Example from readme has zero output on GTX 1060 Max-Q

KarelPeeters commented 3 years ago

I'm getting started with OpenCL, and I'm trying out this crate. I started with the example in the readme. I had to add some extra code at the top to pick a device and define svm_capability, I hope I did that correctly. I also print a few bits of debug info about the device, in the end this is the full code that I run:

https://gist.github.com/KarelPeeters/74a864d42af4b1be5f8d8b4a5aed675d

The output of this code is:

Found platform NVIDIA CUDA
Found platform Intel(R) OpenCL HD Graphics
Using device "NVIDIA GeForce GTX 1060 with Max-Q Design"
  version: OpenCL 3.0 CUDA
  c version: OpenCL C 1.2 
  svm_cap: 1
sum results: [0, 0, 0, 0, 0, 0, 0, 0]

When I change the platform to Intel, I get this:

Found platform NVIDIA CUDA
Found platform Intel(R) OpenCL HD Graphics
Using device "Intel(R) HD Graphics 630"
  version: OpenCL 3.0 NEO 
  c_version: OpenCL C 3.0 
  svm_cap: 11
sum results: [3, 5, 10, 19, 26, 27, 31, 33]

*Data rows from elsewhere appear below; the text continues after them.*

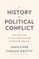 A History of Political Conflict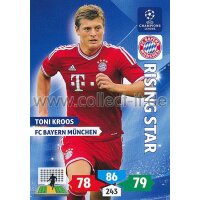 PAD-1314-087 - Toni Kroos - Rising Star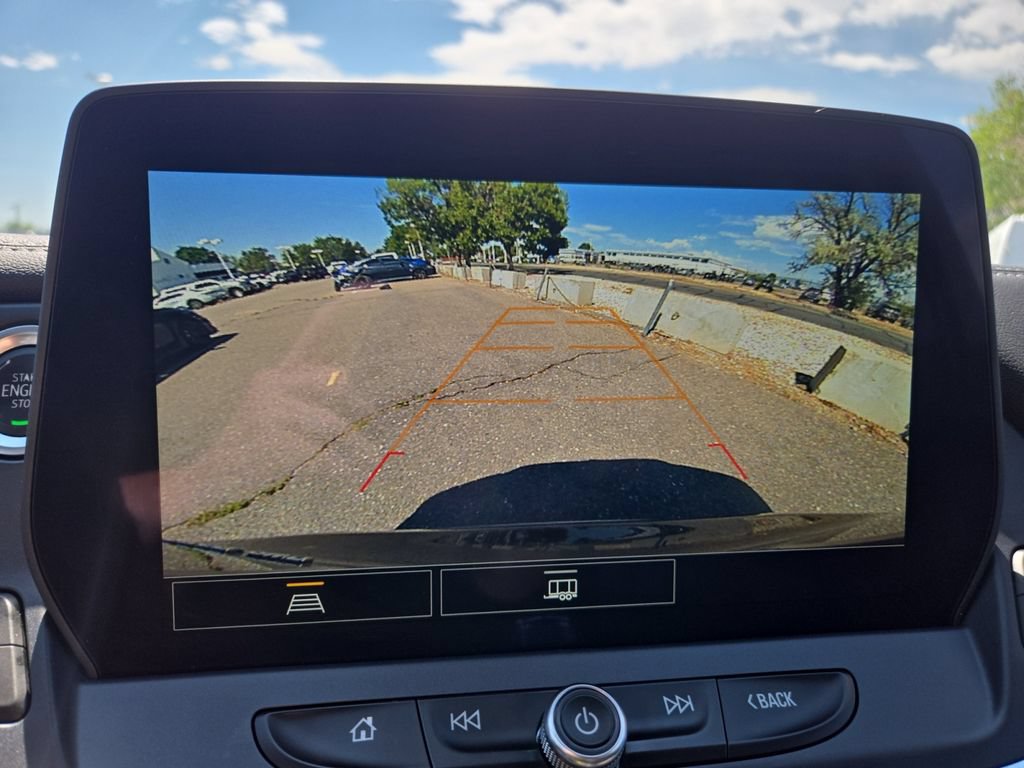 Used 2025 Chevrolet Blazer LT AWD/4WD image 23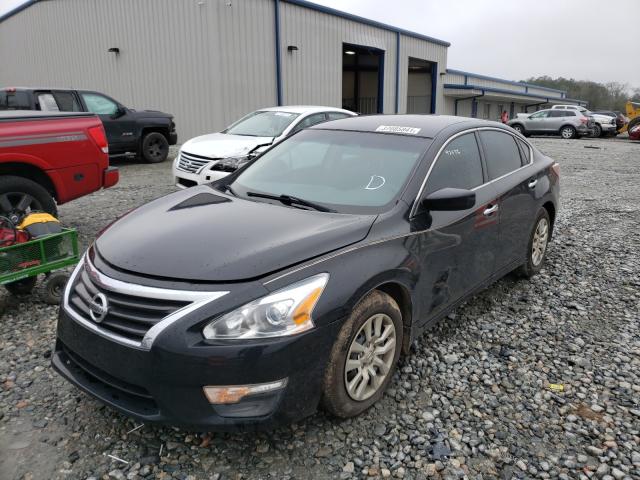 Photo 1 VIN: 1N4AL3AP4DC908308 - NISSAN ALTIMA 2.5 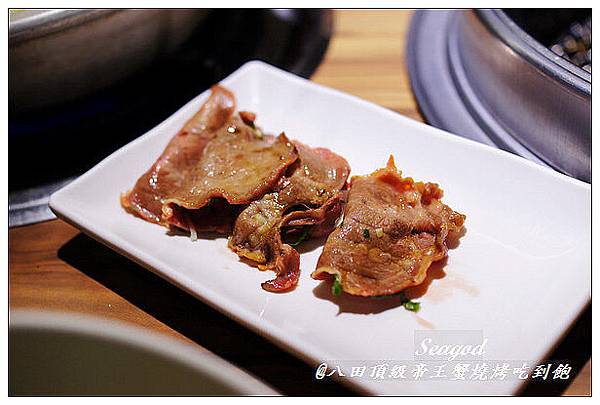 八田頂級帝王蟹燒烤吃到飽 八田頂級帝王蟹燒烤吃到飽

Clearly there are a bunch of differences between both platforms, and unfortunately the result is wrong on my actual GPU. Are there other things I need to change in the example to get it to work correctly? I tried changing the kernel to just fill the output with 1s, but the output was still all zeros, so I assume there is some SVM issue.

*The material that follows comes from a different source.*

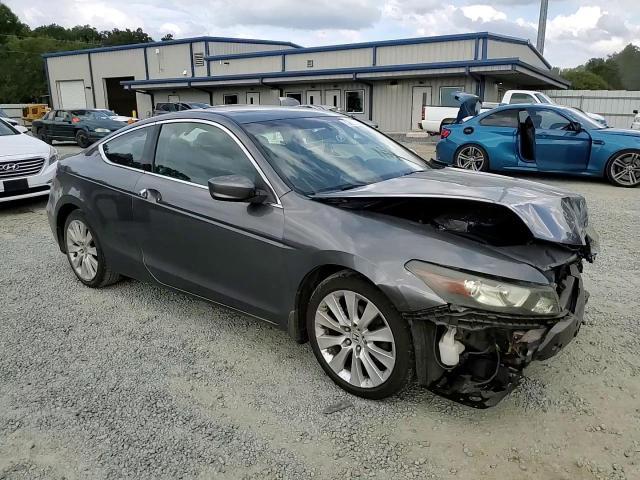 2009 Honda Accord Exl VIN: 1HGCS22859A002406 Lot: 73217714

As I said I'm pretty new to OpenCL, so I really have no idea where to start. Feel free to ask for extra information if I forgot anything!

kenba commented 3 years ago

Hi Karel, I'm sorry to say that it looks like your Nvidia graphics card does not support SVM which is a key OpenCL 2.0 feature.

Nvidia's support for OpenCL has always been poor, as this 5 year old article shows: https://forums.developer.nvidia.com/t/opencl-2-x-support-plans/44215. Many people believe that it is a deliberate strategy by Nvidia to encourage developers to use their (proprietary) CUDA platform.

The OpenCL 3.0 standard allows device manufacturers like Nvidia to claim support for OpenCL 3.0, without providing OpenCL 2.0 features like SVM. Maybe Khronos having an Nvidia employee as it's president has something to do with it. AMD and Intel have much better support for OpenCL, as the example working on your Intel integrated graphics device shows.

In short, it is highly unlikely that you will be able to use SVM on your Nvidia graphics card anytime soon. Therefore, I recommend that you follow the test_opencl_1_2_example in the integration_test.rs file, which uses OpenCL 1.2 buffers instead of SVM to work on OpenCL 1.2 hardware like Nvidia.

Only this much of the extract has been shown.